At the end of March, Greenpeace USA was calling out conservative think tanks and rightwing nonprofits for publishing misinformation ‘aimed at defeating or repealing plastic bag bans’. The groups – specifically the Manhattan Institute and the Competitive Enterprise Institute which was ‘instrumental in persuading the Trump administration to abandon the Paris climate agreement’ – cited studies ‘suggesting that reusable bags are a higher risk for transmitting coronavirus than plastic bags, misrepresenting recent research that shows the virus survives at least as long on plastic’.
The Manhattan Institute has received over $3 million from Koch Industries, a petrochemical company, and has a history of hosting climate change deniers at their events. And the New York Times reported that the Charles Koch Institute and the American Fuel and Petrochemical Manufacturers sponsored the Competitive Enterprise Institute’s 2019 gala. The organisation is ‘best known for its work disputing the science of climate change’.
The reason this is relevant is that oil and plastics are inextricably linked.
‘At its root,’ Tim Dickinson writes in Rolling Stone, ‘the global plastics crisis is a product of our addiction to fossil fuels. The private profit and public harm of the oil industry is well understood: Oil is refined and distributed to consumers, who benefit from gasoline’s short, useful lifespan in a combustion engine, leaving behind atmospheric pollution for generations.

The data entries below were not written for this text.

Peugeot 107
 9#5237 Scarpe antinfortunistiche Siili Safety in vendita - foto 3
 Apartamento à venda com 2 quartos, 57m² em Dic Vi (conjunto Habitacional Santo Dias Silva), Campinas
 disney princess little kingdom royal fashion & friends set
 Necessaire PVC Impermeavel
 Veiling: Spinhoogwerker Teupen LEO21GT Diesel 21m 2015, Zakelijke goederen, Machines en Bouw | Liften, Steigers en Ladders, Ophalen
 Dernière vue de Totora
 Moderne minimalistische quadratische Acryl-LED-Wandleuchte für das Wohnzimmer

But this same pattern — and this same tragedy of the commons — is playing out with another gift of the oil-and-gas giants, whose drilling draws up the petroleum precursors for plastics.

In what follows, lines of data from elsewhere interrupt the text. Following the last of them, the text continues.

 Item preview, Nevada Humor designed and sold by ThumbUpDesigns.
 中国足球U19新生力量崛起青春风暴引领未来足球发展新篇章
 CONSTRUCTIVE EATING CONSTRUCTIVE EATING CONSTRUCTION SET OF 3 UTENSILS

‘These are refined in industrial complexes and manufactured into bottles, bags, containers, textiles, and toys for consumers who benefit from their transient use — before throwing them away.
“Plastics are just a way of making things out of fossil fuels,” says Jim Puckett, executive director of the Basel Action Network.’

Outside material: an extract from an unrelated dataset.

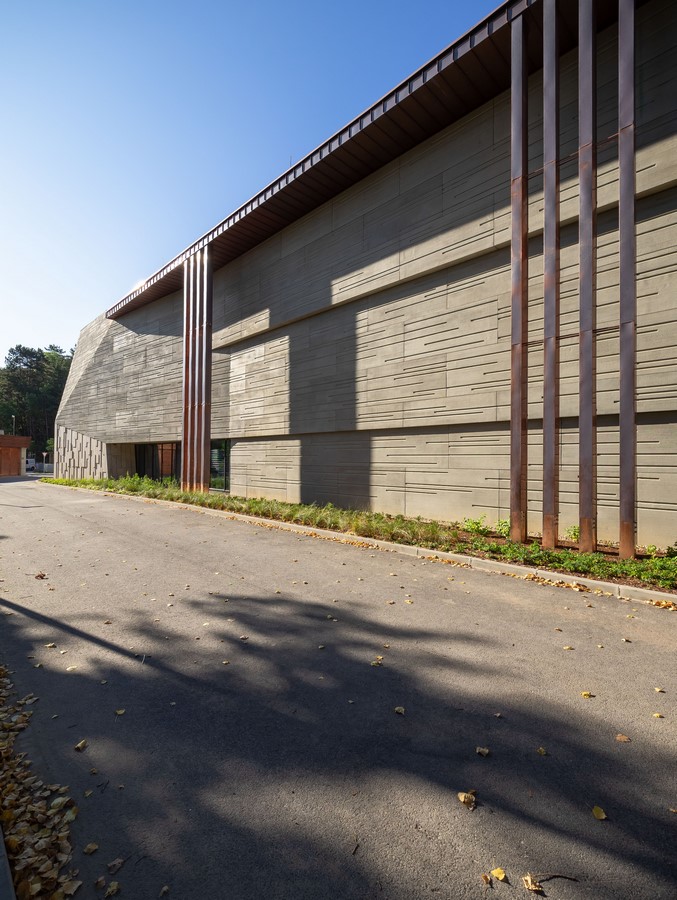 OSZK Archive building by Triskell-Sheet1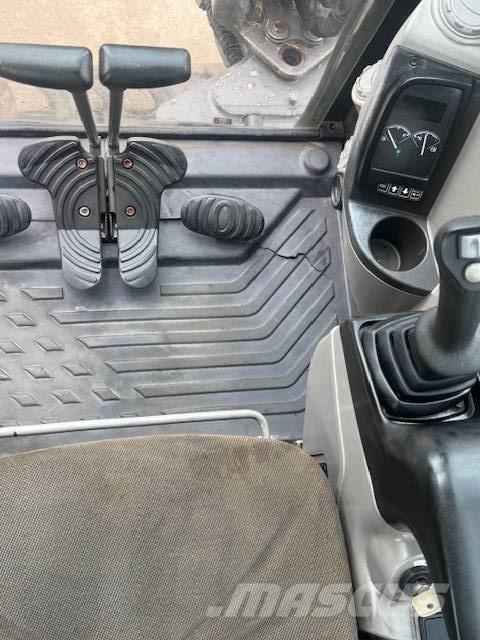Volvo EC 55 C Mini excavadoras < 7t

Now more than 100 scientists have signed a statement that says ‘reusable systems can be used safely by employing basic hygiene’. As in, wash your hands regularly. Wipe down surfaces regularly. Wash your reusables regularly.
Soap and hot water are what’s needed – not more plastic.
‘I hope we can come out of the COVID-19 crisis more determined than ever to solve the pernicious problems associated with plastics in the environment,’ said Charlotte K Williams, Professor of Chemistry at Oxford University.
‘In terms of the general public’s response to the COVID crisis, we should make every attempt to avoid over-consumption of single-use plastics, particularly in applications like packaging.’
There will be occasions when single-use plastic makes sense, but we shouldn’t reach for it first assuming that it’s more hygienic or that it will keep us healthier.
We can still live a plastic-free lifestyle in the age of COVID. Here’s how:
Unless you’re a key worker with specific guidelines, wear a reusable mask and wash it regularly
Wash your hands regularly and use bars of soap rather than the soap that comes in plastic bottles
Shop local at zero waste shops, farm shops or local markets to cut down on plastic packaging – and wash your reusable shopping bags regularly
Buy fresh, loose ingredients to cook your meal from scratch; avoid takeaways and ready meals
Fill up your reusable bottle of water before you leave the house, and make sure you wash it daily
Same with your coffee on-the-go – make it before you leave the house or the office. But if you do find yourself needed a refill, City to Sea have nailed it with their incredibly simple and common-sense approach to #contactlesscoffee
So while it would be easy to react to the current crisis by reaching for plastic, we need to remember that the long-term consequences to the planet are significant. We can still take individual actions to reduce the single-use plastic in our lives.